RECORDS SHOWN

□ □ □ □ □ □ □

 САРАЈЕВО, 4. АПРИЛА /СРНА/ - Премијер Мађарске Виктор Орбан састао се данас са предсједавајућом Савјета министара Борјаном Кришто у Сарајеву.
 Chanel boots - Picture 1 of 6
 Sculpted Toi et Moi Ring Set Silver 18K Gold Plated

□ □ □ □ □ □ □

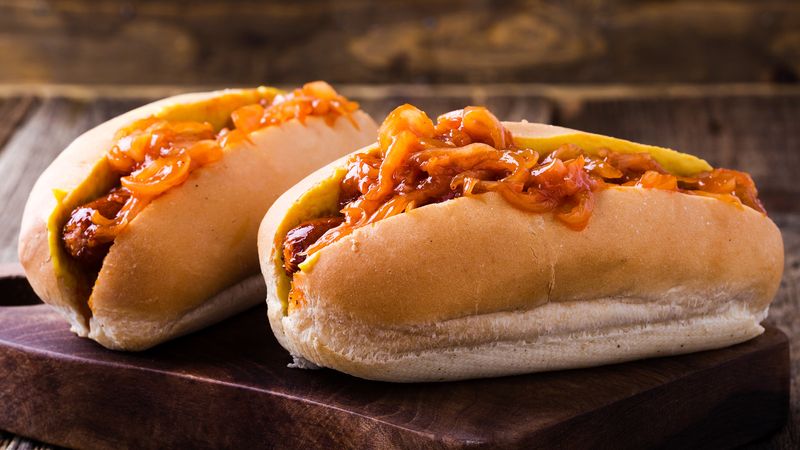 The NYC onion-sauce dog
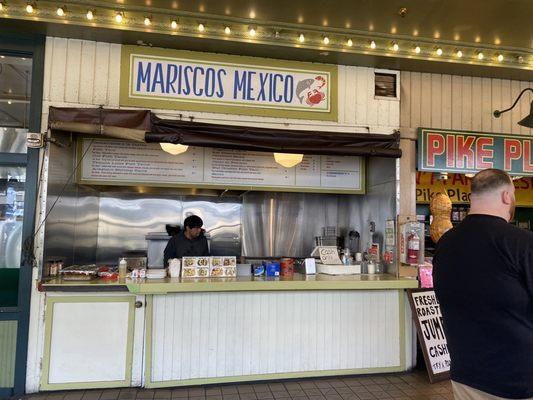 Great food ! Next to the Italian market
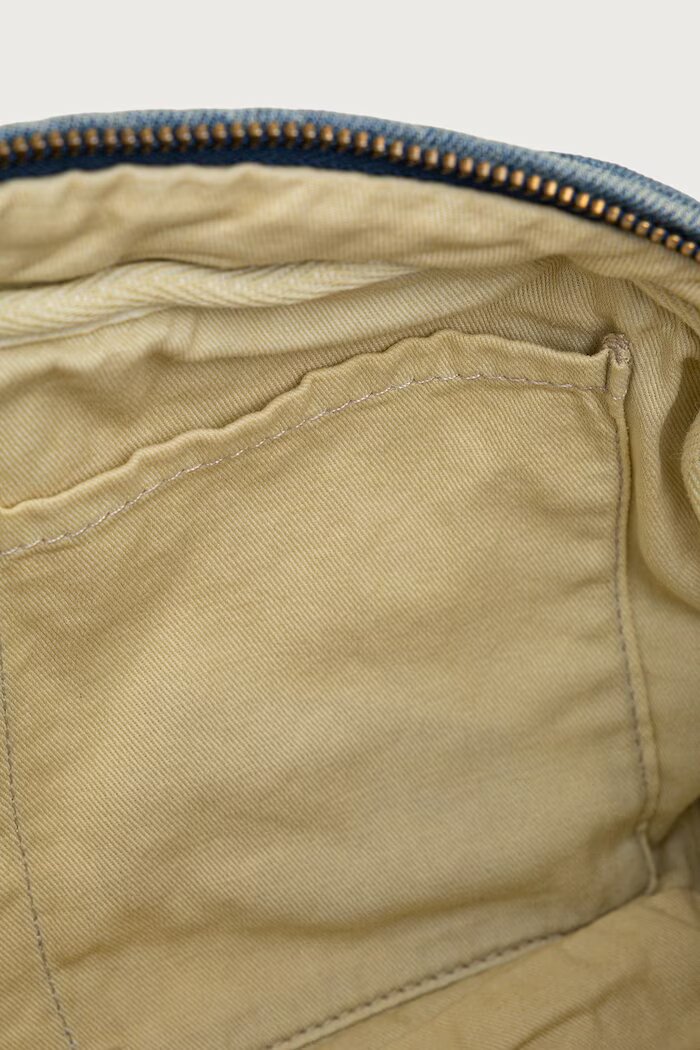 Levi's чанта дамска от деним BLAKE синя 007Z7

□ □ □ □ □ □ □

WHAT YOU ARE ASKED TO DO
Only one stretch of the listing is wanted: the lines starting at the one with "Great food ! Next to the Italian market" and ending at the one with "Levi's чанта дамска", copied exactly and free of pictures.

OUTPUT FOR THIS TASK
 Great food ! Next to the Italian market
 Levi's чанта дамска от деним BLAKE синя 007Z7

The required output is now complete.